### Material shown
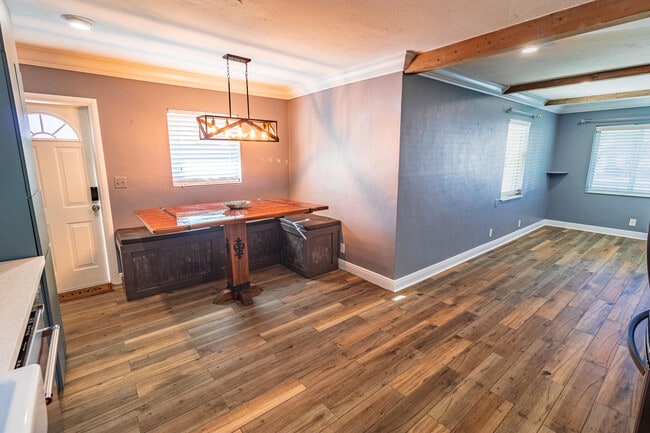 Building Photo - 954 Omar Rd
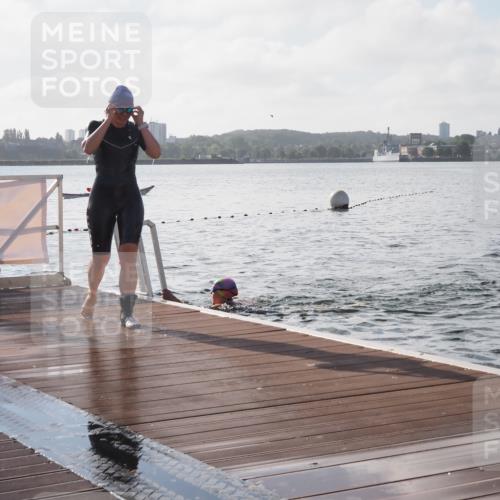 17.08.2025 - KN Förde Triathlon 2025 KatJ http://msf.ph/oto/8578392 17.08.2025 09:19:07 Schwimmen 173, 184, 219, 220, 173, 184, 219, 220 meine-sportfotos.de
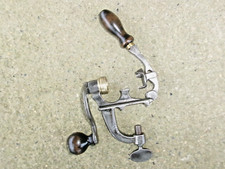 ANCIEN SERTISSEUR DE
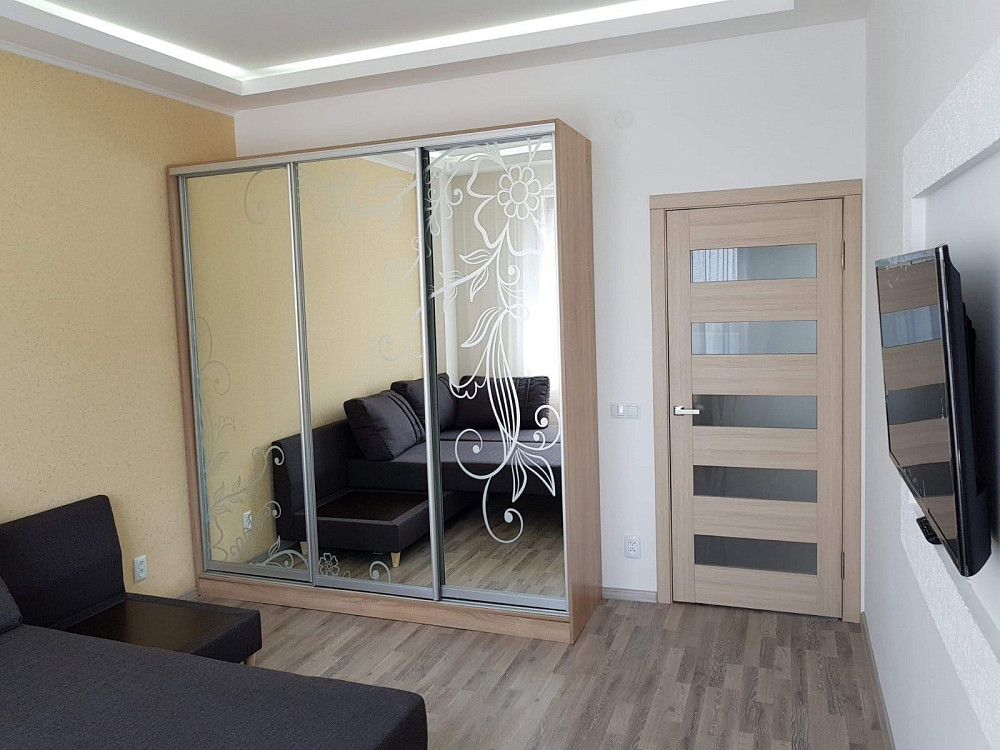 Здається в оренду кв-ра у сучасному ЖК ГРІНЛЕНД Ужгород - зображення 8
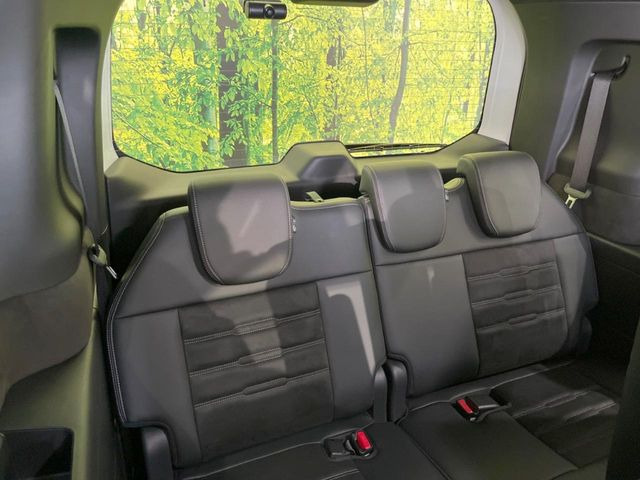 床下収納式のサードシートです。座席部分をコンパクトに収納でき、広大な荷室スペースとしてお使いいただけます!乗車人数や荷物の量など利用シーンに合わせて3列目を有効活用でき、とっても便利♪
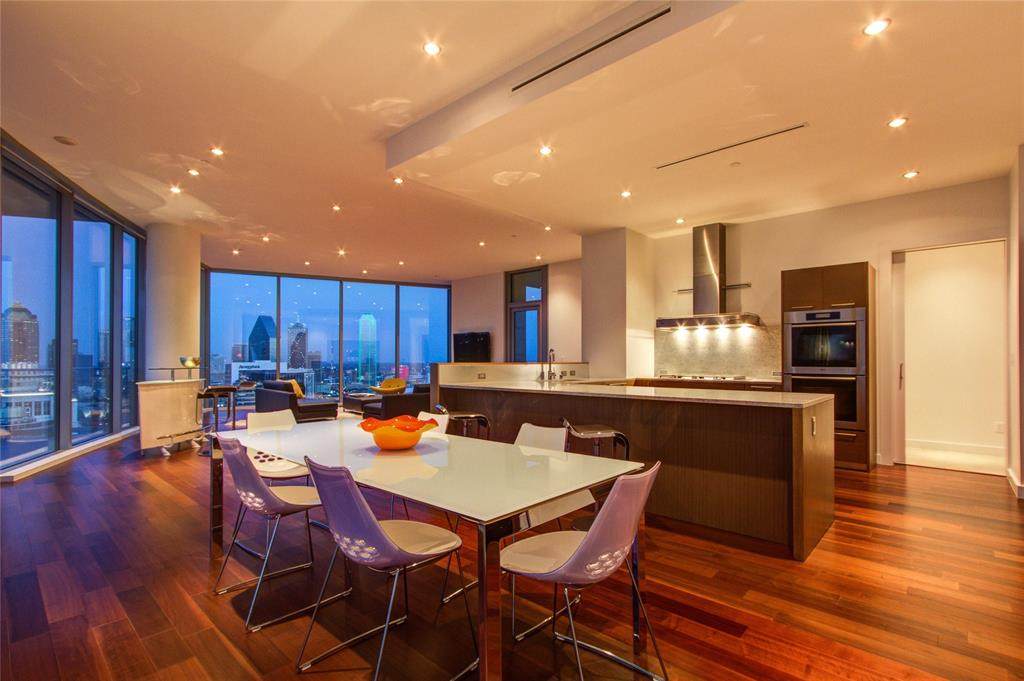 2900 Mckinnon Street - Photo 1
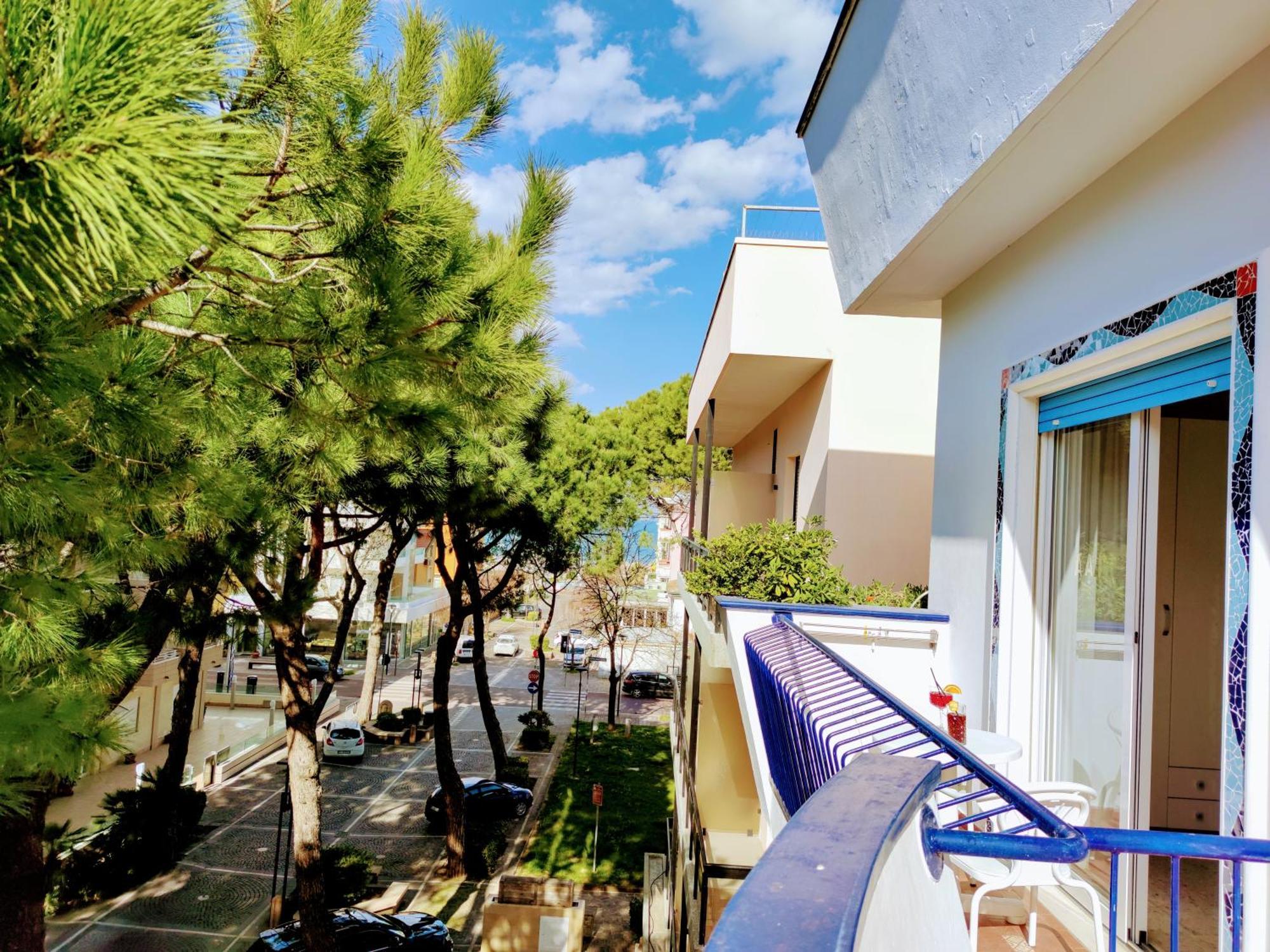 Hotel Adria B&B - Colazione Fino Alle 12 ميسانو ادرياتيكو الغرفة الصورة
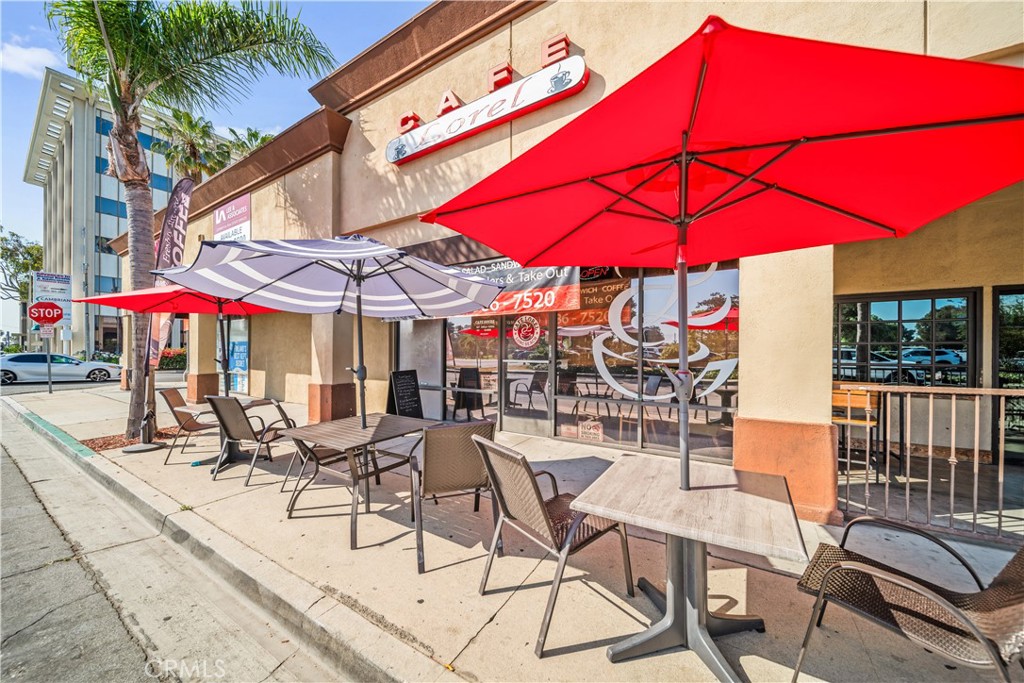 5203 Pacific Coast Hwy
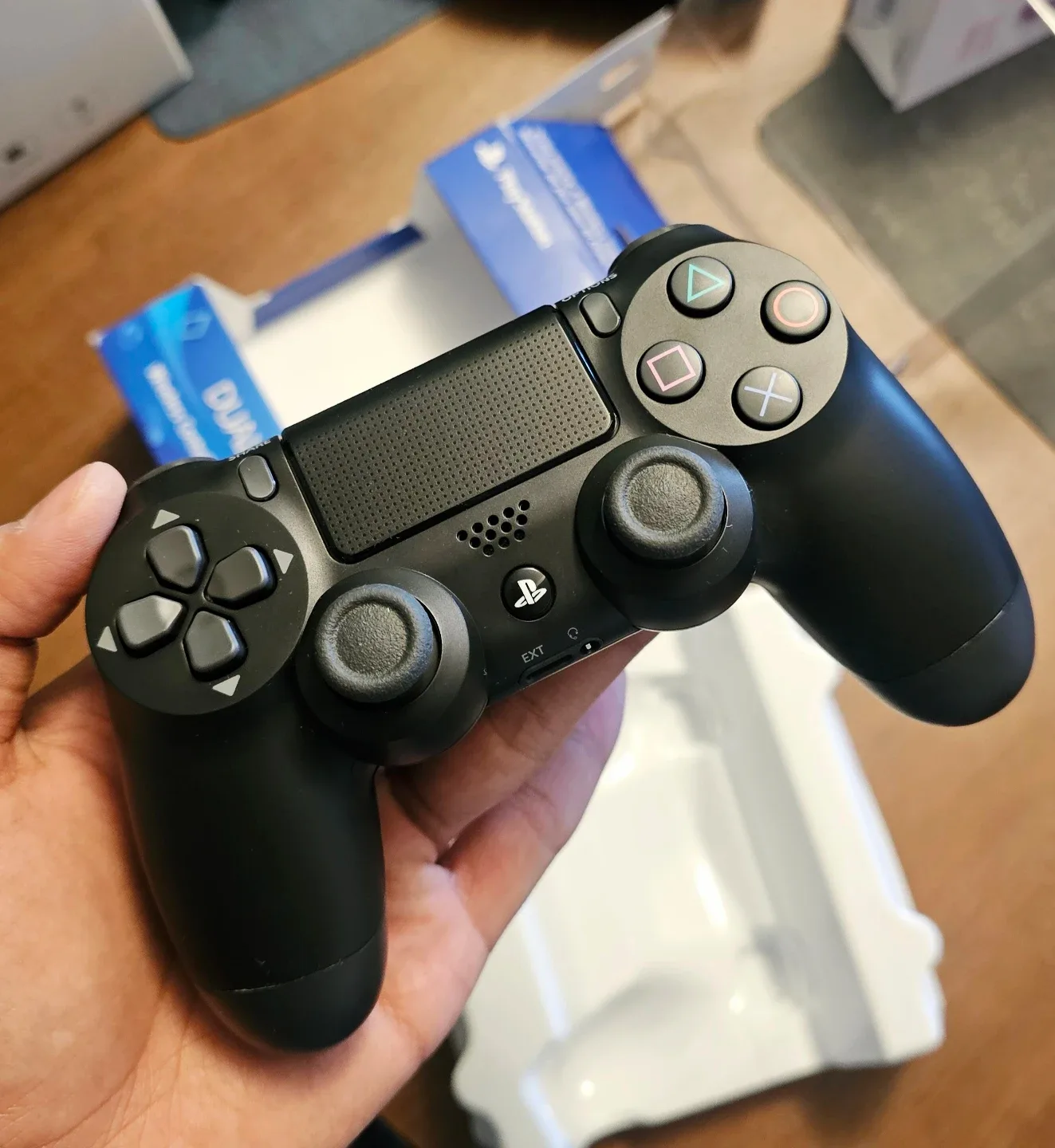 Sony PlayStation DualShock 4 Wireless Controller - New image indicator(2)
######
▶ Problem statement
The output is the stretch above from the line with "ANCIEN SERTISSEUR DE" through the line with "2900 Mckinnon Street - Photo 1", copied word for word with both ends kept and every picture dropped.

▶ Reply to the exercise
 ANCIEN SERTISSEUR DE
 Здається в оренду кв-ра у сучасному ЖК ГРІНЛЕНД Ужгород - зображення 8
 床下収納式のサードシートです。座席部分をコンパクトに収納でき、広大な荷室スペースとしてお使いいただけます!乗車人数や荷物の量など利用シーンに合わせて3列目を有効活用でき、とっても便利♪
 2900 Mckinnon Street - Photo 1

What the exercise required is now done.